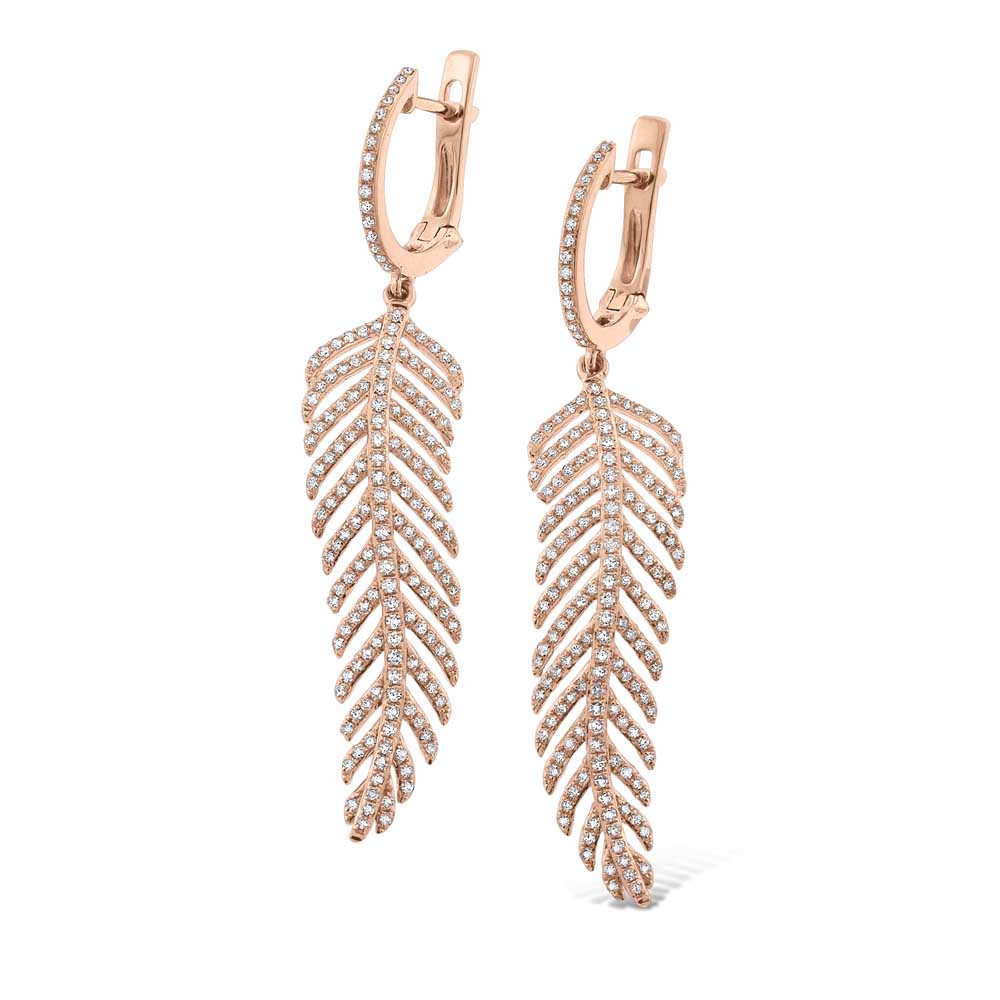 Diamond Large Feather Drop Earrings in 14K Rose Gold with 336 Diamonds ...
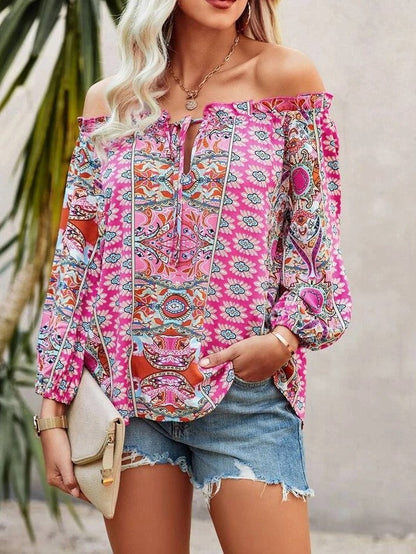 Bohemian bloemenprint shirt met ruches op de schouders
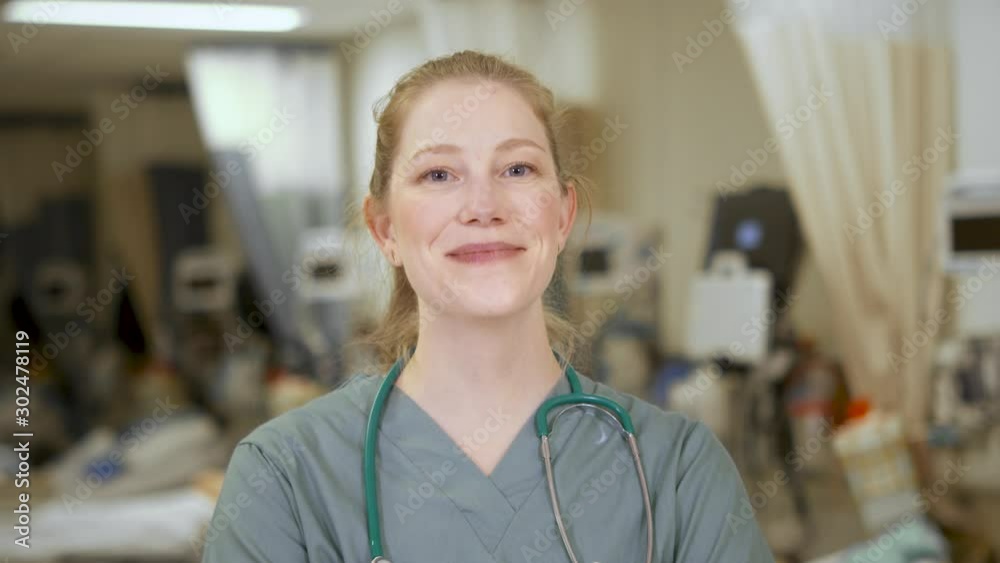 Close-up portrait of a confident and friendly young female nurse.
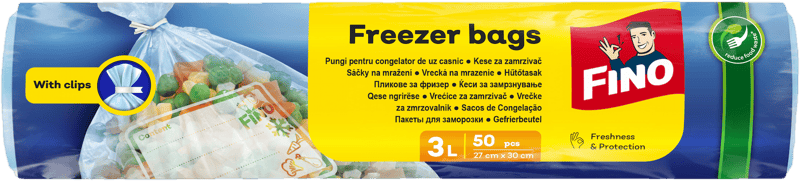 Fino Freezer Bags 3 L 50 pcs, 25 μm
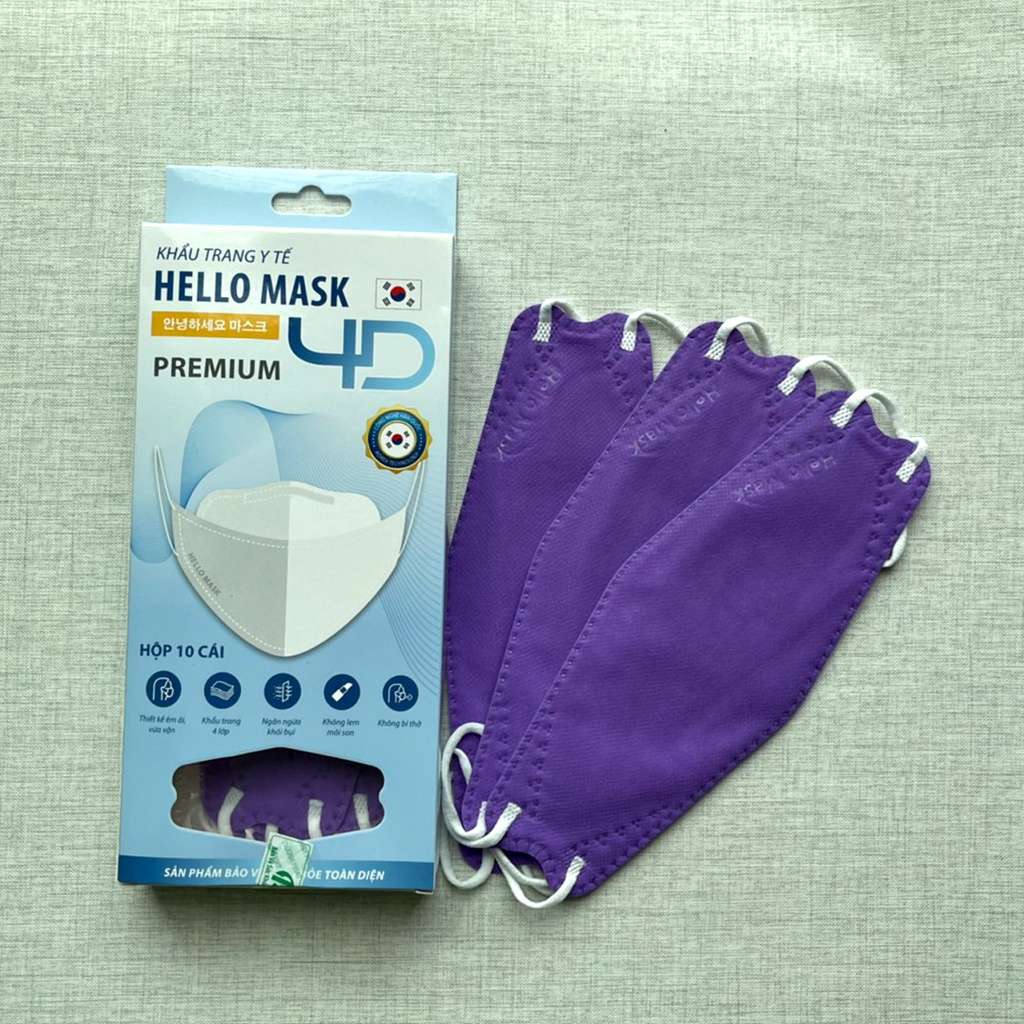 Khẩu trang 4D Hello Mask - Màu tím - Hộp 10 cái | Không lem son | Không bí thở | Ngăn ngừa khói bụi
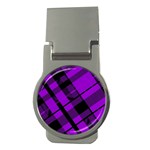 Purple Plaid Money Clip (Round)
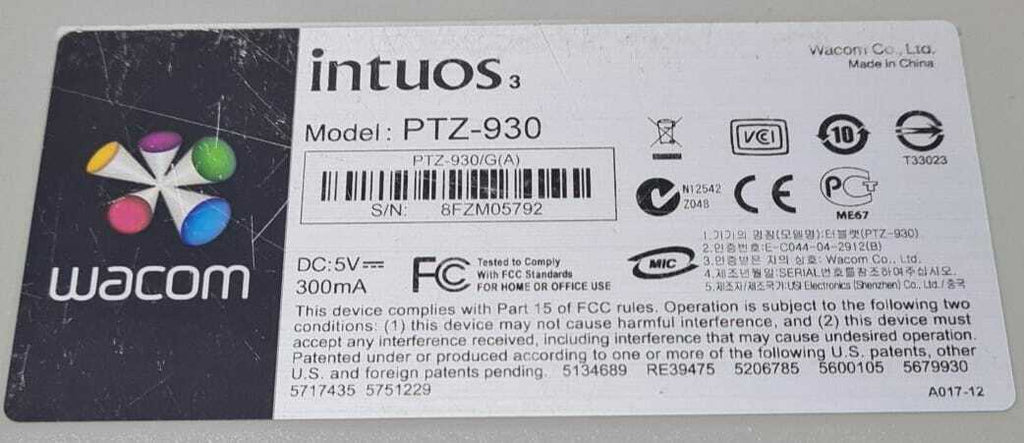 [LOT OF 4] Wacom Intuos3 PTZ-930 USB connection, Tablet 9x12 **NO Pen **NO Mouse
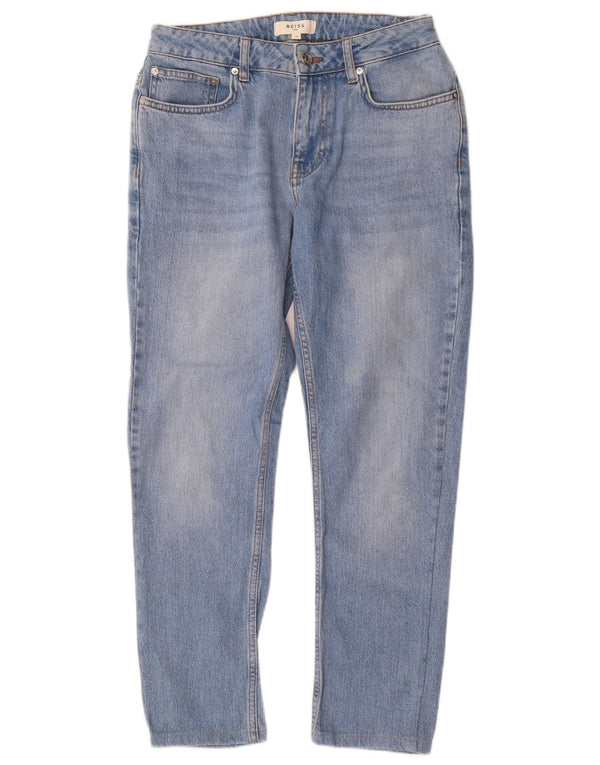 Jeans cônicos femininos Reiss W28 L27 azul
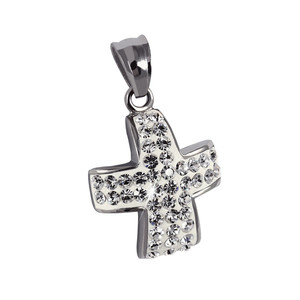 Surgical steel pendant with cross motif. Dimensions width 18mm, length 20mm.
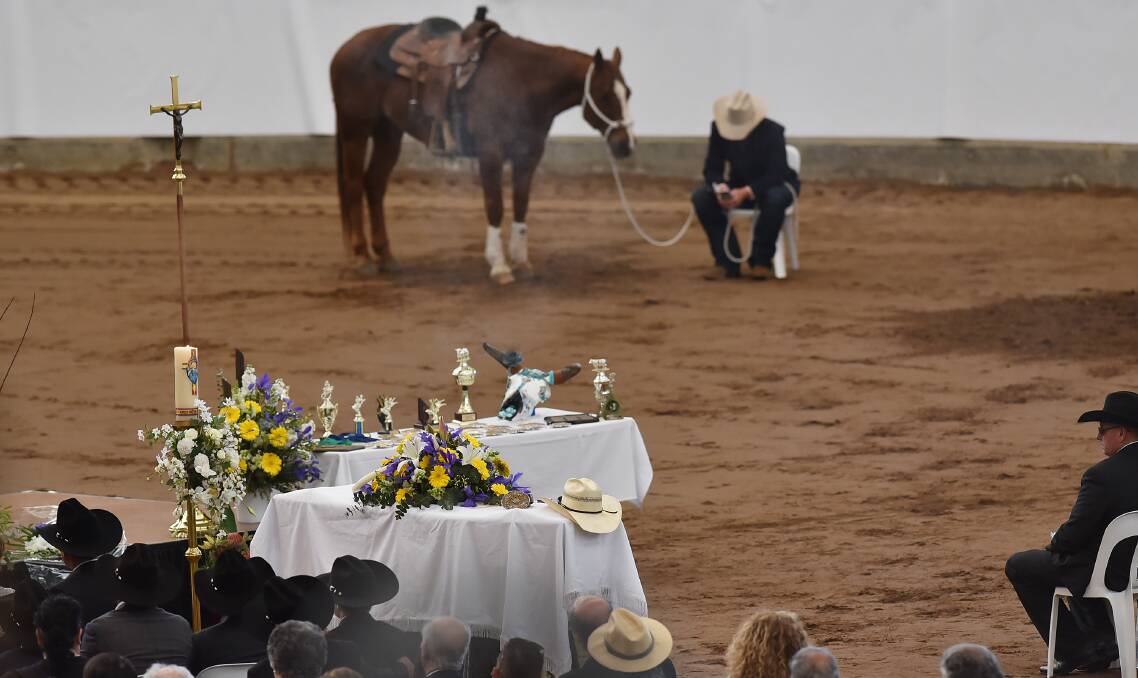 REMEMBERED: More than 1000 family and friends farewell Tamworth rodeo star, 23-year-old Blake Hallam, at AELEC. Blake is remembered as a champion both inside and outside the arena. Photo: Peter Hardin 120916GGA29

__PROMPT__. What are the lines above from the one with "Bohemian bloemenprint shirt" to the one with "Jeans cônicos femininos Reiss W28 L27 azul", both included? Reproduce them exactly, without pictures.

__EXERCISE ANSWER__.
 Bohemian bloemenprint shirt met ruches op de schouders
 Close-up portrait of a confident and friendly young female nurse.
 Fino Freezer Bags 3 L 50 pcs, 25 μm
 Khẩu trang 4D Hello Mask - Màu tím - Hộp 10 cái | Không lem son | Không bí thở | Ngăn ngừa khói bụi
 Purple Plaid Money Clip (Round)
 [LOT OF 4] Wacom Intuos3 PTZ-930 USB connection, Tablet 9x12 **NO Pen **NO Mouse
 Jeans cônicos femininos Reiss W28 L27 azul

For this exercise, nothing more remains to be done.